So, you’re about to put yourself into an aircraft that you’ve never flown before. Maybe you’ve been flying Cessna aircraft until now, and you’re about to hop into a Cirrus for the first time. Aside from specific differences in cockpit layout and ergonomics, as well as comparative aircraft performances, there are general matters of which to be aware to ensure that transitioning to an unfamiliar aircraft is smoothly and safely accomplished.


One of the risk factors to which a pilot could be exposed relates to the notion of conflation. Simply put, conflation happens when the characteristics of two (or more) objects share enough similarities that they unify into one identity. In other words, their differences merge and become lost. In the case of aircraft, you might for example, conflate the characteristics of a Cessna 172 (with which you are intimately familiar) when you first try flying a Cessna 182. The risk, therefore, is that you’ll treat the Cessna 182 as if it’s a Cessna 172. Similar though they may be, forgetting that they’re different could lead you into the path of trouble.


Be aware of the effects of muscle memory. When you repeat a motor task often enough, its performance becomes so consolidated into your memory that you can eventually perform it without any conscious effort. This is not necessarily a bad thing: it’s why we repeatedly practice exercises – for example, emergency procedures in an aircraft – to ensure a spontaneous response to a given scenario. But imagine if you apply responses you’ve learned from one aircraft that you know very well, to a new aircraft that you don’t know at all. Don’t assume that those ingrained automatic responses will work in your favour, and in exactly the same way, when you’re in an aircraft to which you are unaccustomed. There’s no guarantee that conditioned responses will carry-over perfectly to the environment of a different aircraft.

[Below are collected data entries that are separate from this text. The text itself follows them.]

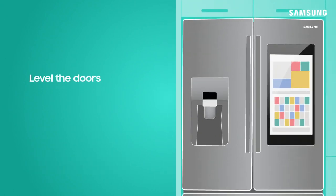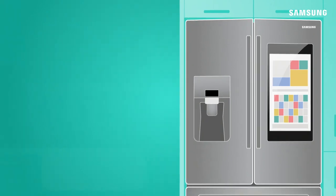After you've done that, you'll also want to check that the doors are level to ensure they maintain a tight seal, keeping your food cool and fresh at all times.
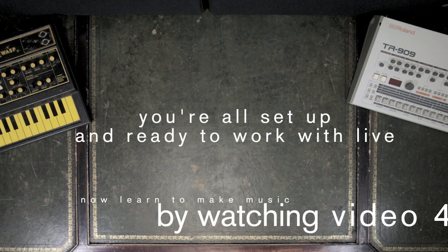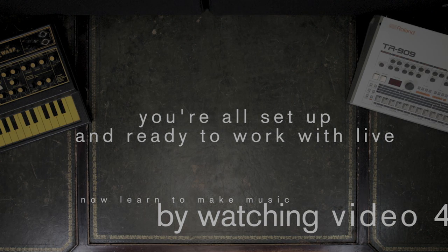You're all set up. Watch your next video to learn how to make music in Live.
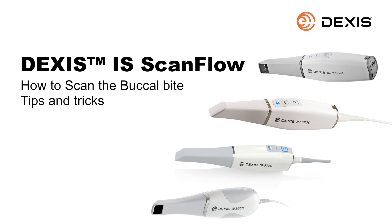Welcome to the DEXA-SCI IS ScanFlow: How to Scan the Buccal Bite — Tips and Tricks Recorded Class. This recorded class is designed for clinical team members. It provides tips and tricks you can use to acquire a more efficient 3D model. By the end of this session, you should be able to efficiently scan the buccal bite.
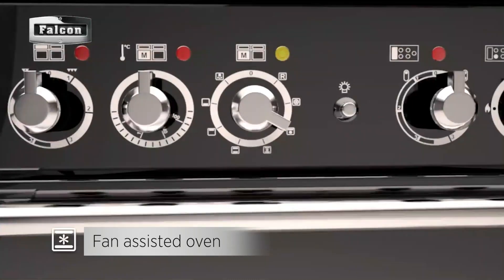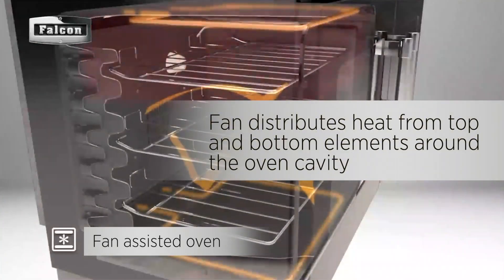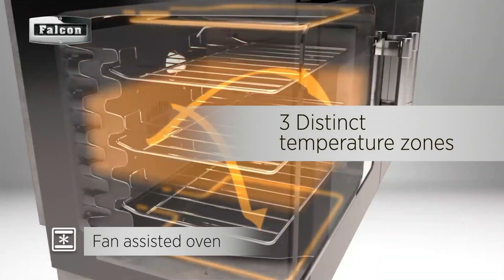After selecting the fan-assisted function and desired temperature, the fan distributes heat from the top and bottom elements around the oven cavity and creates three distinct temperature zones.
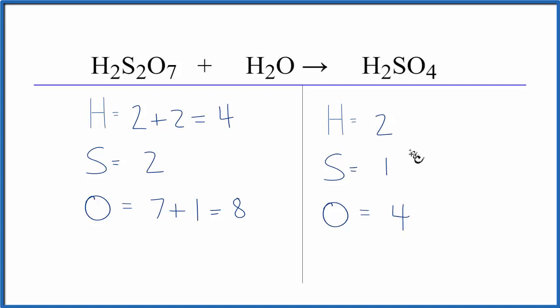It looks like everything here we just need to double it. Double two to get four, one to get two, four to get eight. That means we could put a coefficient of two in front of the H2SO4. Two times two is four, one times two is two, and four times two gives us eight. And that would balance the equation.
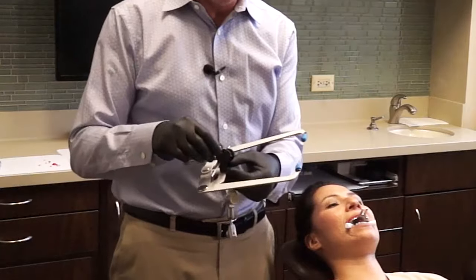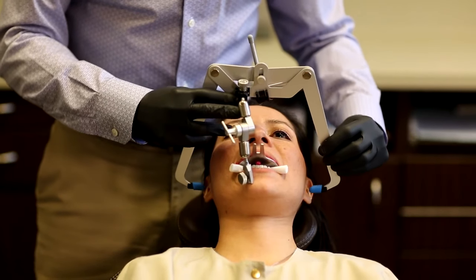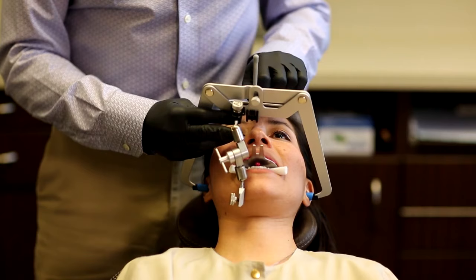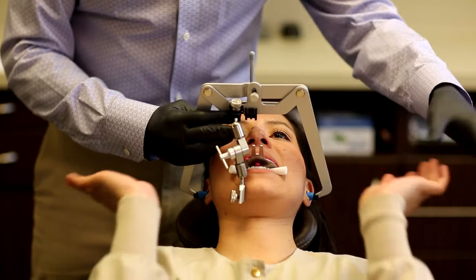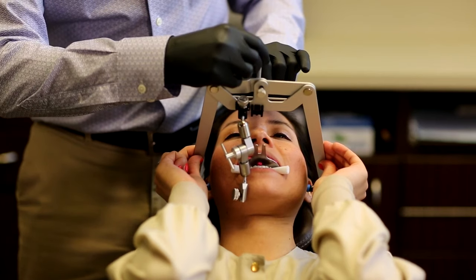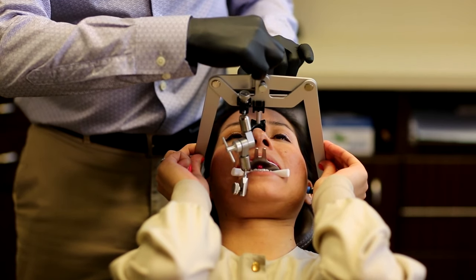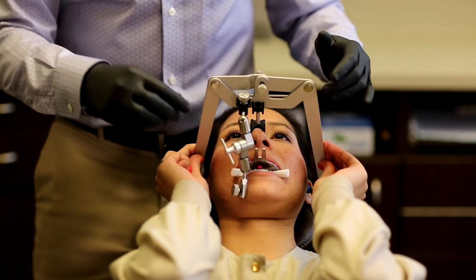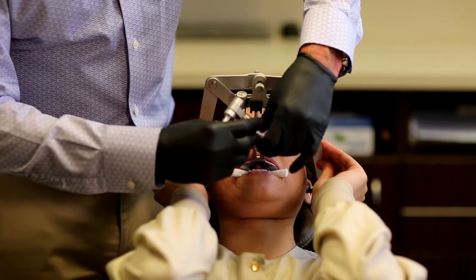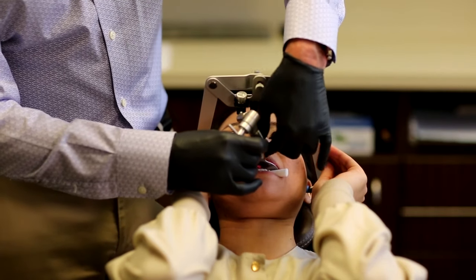I take the ear bow and slide it so it goes into Erica's ears, using the Nason to support it along the bridge of the nose. I ask Erica to use her hands to support the ear bow as we slide it into her ears. I loosen the Nason so it can support the ear bow properly, then connect the ear bow mounting jig to the mounting plate — it slides right on to the mounting plate and is held in place with a single screw.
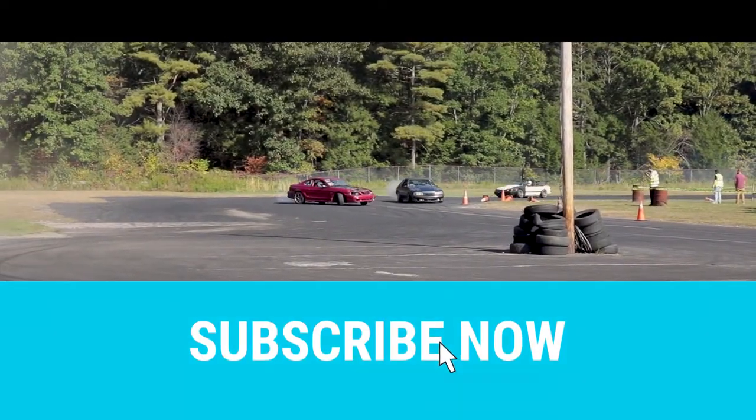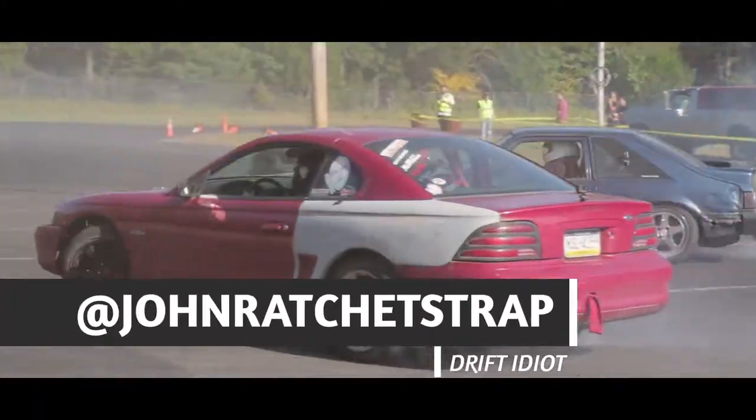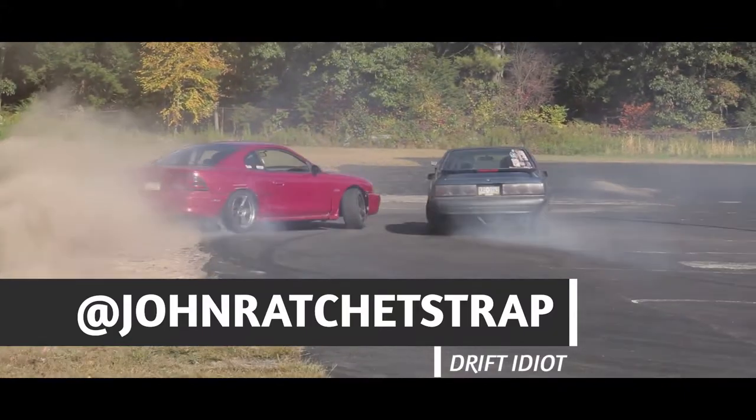Today I'm going to tell you how to build a reliable drift car. What is up guys, and welcome back to another video. Today I'm going to talk about what I feel makes a drift car reliable. There are many ways to do this, but this is how I personally recommend to do it.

Good habits are very useful to have when executing tasks in a familiar aircraft. For instance, achieving a stable approach to landing is the result of well-rehearsed habits when entering the airspace of your destination airport. However, those habits may not carry over well into an aircraft that you’ve never flown before. For example, if you’re accustomed to tight turns in your Cessna 150 when turning downwind to base, and base to final, replicating that habit in a different type of aircraft may result in extraneous and forceful manoeuvring that destabilizes your approach to land.


Stepping into a different aircraft for the first time takes preparation. If you’re doing it a lot, then the actual experience of making such transitions better prepares you in how to handle each one. Nevertheless, whether you do it frequently or not, you’re best to do your homework and make sure you study everything you can about the aircraft you’re about to fly for the first time. While flying along in cruise is pretty straight forward regardless of the aircraft you’re operating, every aircraft has its own performance numbers, its own procedures, its unique systems and its own set of peculiarities.


Study the aircraft’s Pilot Operating Handbook (POH). Commit its speeds and performance numbers to memory. Run through the aircraft’s checklists: they are sure to be substantially different from the ones with which you’ve been familiar for the aircraft you already know. Sit in the new aircraft and study it. Become familiar with its nuances and novelties. Create a flow for the controls and panel: an organized series of actions that best ensure that no step in the aircraft’s operations can be missed. Apply some common mnemonics – for example, CIGAR: Controls, Instruments, Gas, Altimeter, Run-up – if it helps you adjust to the new aircraft.


Most obviously, fly the aircraft with someone who knows it well. And fly it with that person until you can feel assured that you won’t transpose the familiar habits from one aircraft into your handling of this new one. Don’t make assumptions: the fact that the cockpit “looks just like the other ones” you know – as may very well be the case of aircraft from the same manufacturer – doesn’t mean it will fly just like the other aircraft you know.


Don’t be complacent, and don’t get confused. No matter how many hours you’ve accumulated, learn everything you can about the aircraft you’re about to fly. In a way, forgetting what you know about the airplanes you’ve flown before may save you from trouble in the aircrafts that you don’t know at all.